Electrical behavior of electrolytics

A common modeling circuit for an electrolytic capacitor has the following schematic:

where Rleakage is the leakage resistance, RESR is the equivalent series resistance, LESL the equivalent series inductance (L being the conventional symbol for inductance).

RESR must be as small as possible since it determines the loss power when the capacitor is used to smooth voltage. Loss power scales quadratically with the ripple current flowing through and linearly with RESR.Low ESR capacitors are imperative for high efficiencies in power supplies.

It should be pointed out that this is only a simple model and does not include dielectric absorption (soakage) and other non-ideal effects associated with real electrolytic capacitors.

Since the electrolytes evaporate, design life is most often rated in hours at a set temperature. For example, typically as 2000 hours at 105 degrees Celsius (which is the highest working temperature). Design life doubles for each 10 degrees lower [http://www.niccomp.com/Catalog/AlumApplInfoCautions1105.pdf] , reaching 15 years at 45 degrees. However a great number of capacitors much older than this are still in service. Most Electrolytic capacitors are rated for 85 degrees Celsius maximum.


The capacitance value of any capacitor is a measure of the amount of electric charge stored per unit of potential difference between the plates.

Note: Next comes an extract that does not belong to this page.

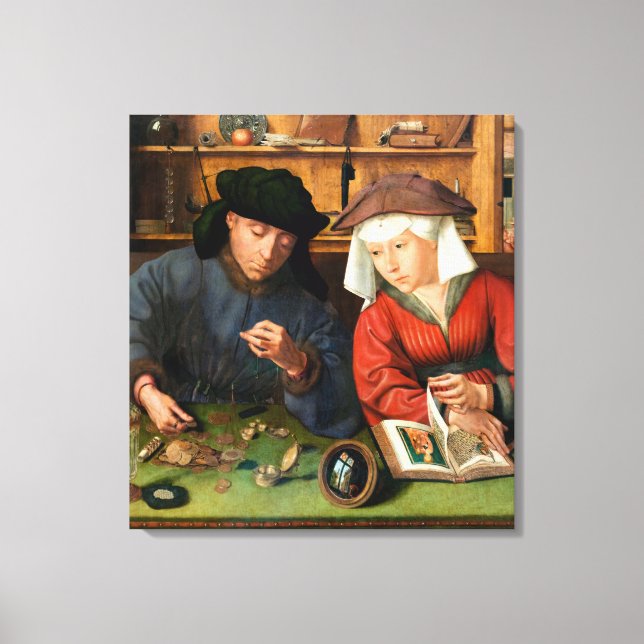 Quentin Matsys - The Moneylender and His Wife Canvas Print (Front)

The basic unit of capacitance is a farad, however this unit has been too large for general use until the invention of the Double-layer capacitor, so microfarad, nanofarad and picofarad are more commonly used. These are usually abbreviated to μF or uF, nF and pF.

Many conditions determine a capacitor's value, such as the thickness of the dielectric and the plate area. In the manufacturing process, electrolytic capacitors are made to conform to a set of preferred numbers. By multiplying these base numbers by a power of ten, any practical capacitor value can be achieved, which is suitable for most applications.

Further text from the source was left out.